5393 sayılı Belediye Kanunu’nun 3/b maddesinde belediyenin organları; belediye meclisi, belediye encümeni ve belediye başkanı şeklinde tanımlanırken, 34/e maddesinde “Kanunlarda öngörülen cezaları vermek” belediye encümeninin görevleri arasında sayılmış, anılan Kanun’un 38. maddesinin (h) ve (p) bentlerinde de “Meclis ve encümen kararlarını uygulamak”, “Kanunlarla belediyeye verilen ve belediye meclisi veya belediye encümeni kararını gerektirmeyen görevleri yapmak ve yetkileri kullanmak” görev ve yetkilerinin belediye başkanına ait olduğu ifade edilmiştir.
5216 sayılı Büyükşehir Belediyesi Kanunu’nun 18. maddesinde, büyükşehir belediye başkanının görev ve yetkileri tek tek sayılmış olup, sözkonusu maddede “kanunlarda öngörülen cezaları vermek” büyükşehir belediye başkanının görev ve yetkileri arasında belirtilmemiştir. Aynı Kanun’un 28. maddesinde ise, “Belediye Kanunu ve diğer ilgili Kanunların bu kanuna aykırı olmayan hükümleri ilgisine göre büyükşehir ve ilçe belediyeleri hakkında da uygulanır. ” hükmüne yer verilmiştir.

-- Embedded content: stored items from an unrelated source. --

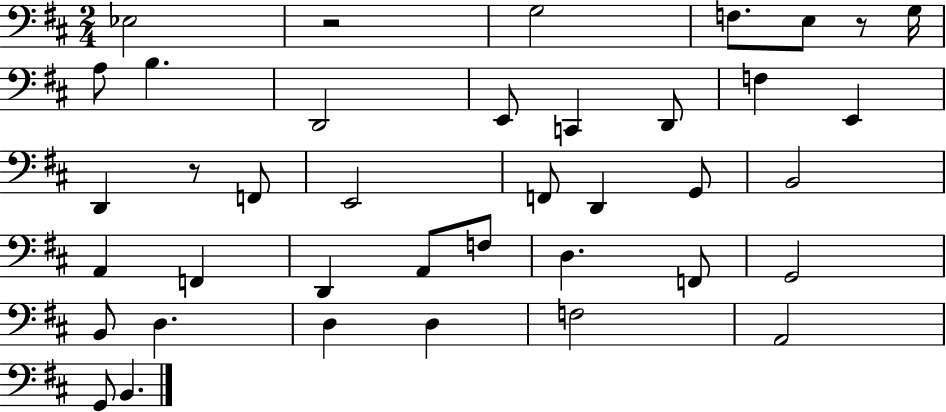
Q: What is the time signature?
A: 2/4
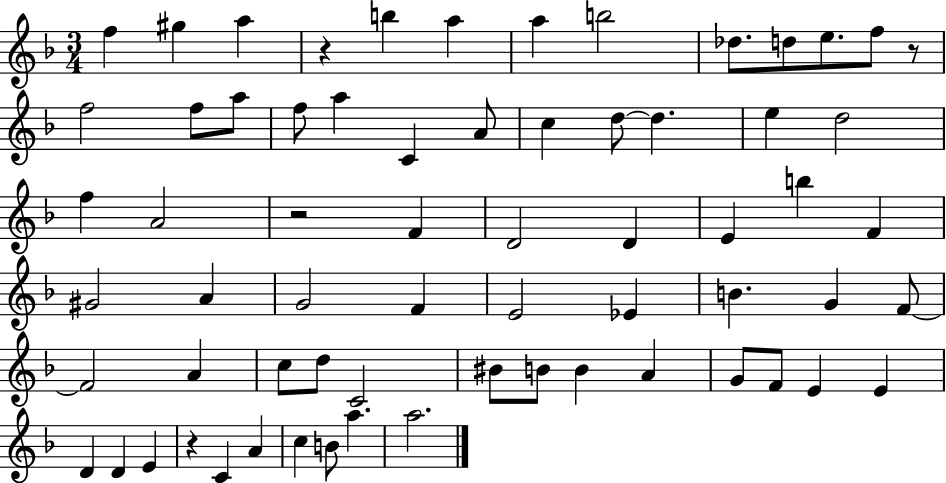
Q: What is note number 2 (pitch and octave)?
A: G#5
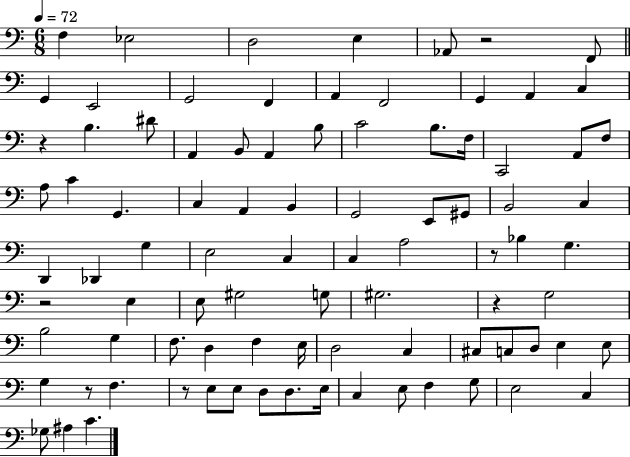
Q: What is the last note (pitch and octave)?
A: C4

5326 sayılı Kabahatler Kanunu’nun “İdarî yaptırım kararı verme yetkisi” başlıklı 22. maddesinde; “1) Kabahat dolayısıyla idarî yaptırım kararı vermeye ilgili kanunda açıkça gösterilen idarî kurul, makam veya kamu görevlileri yetkilidir, 2) Kanunda açık hüküm bulunmayan hallerde ilgili kamu kurum ve kuruluşunun en üst amiri bu konuda yetkilidir.” hükmü yer almaktadır.
Kamu idaresinin hızlı çalışabilmesi ve çeşitli sebeplere binaen Kanun’da yetkili kılınan makam tarfından başka bir makama yetkinin devredilmesi gerekli olabilir. Yetkinin bizzat yetkili makamca kullanılması esasına bir istisna olarak ifade edilen “yetki devri” müessesi, yasayla bir makama verilen karar alma yetkisinin, diğer bir makama aktarılması olup, doktrin ve yargısal içtihatlarla, yetki ögesinin nitelikleri dikkate alınarak geliştirilen bir takım koşul ve kurallara tabidir. Bu kriterlere uyulmadan yapılan yetki devri hukuki bakımdan geçerli sayılmayacak ve dolayısıyla bu yetki devrine dayanılarak tesis edilen idari işlemleri de geçersiz hâle getirebilecektir.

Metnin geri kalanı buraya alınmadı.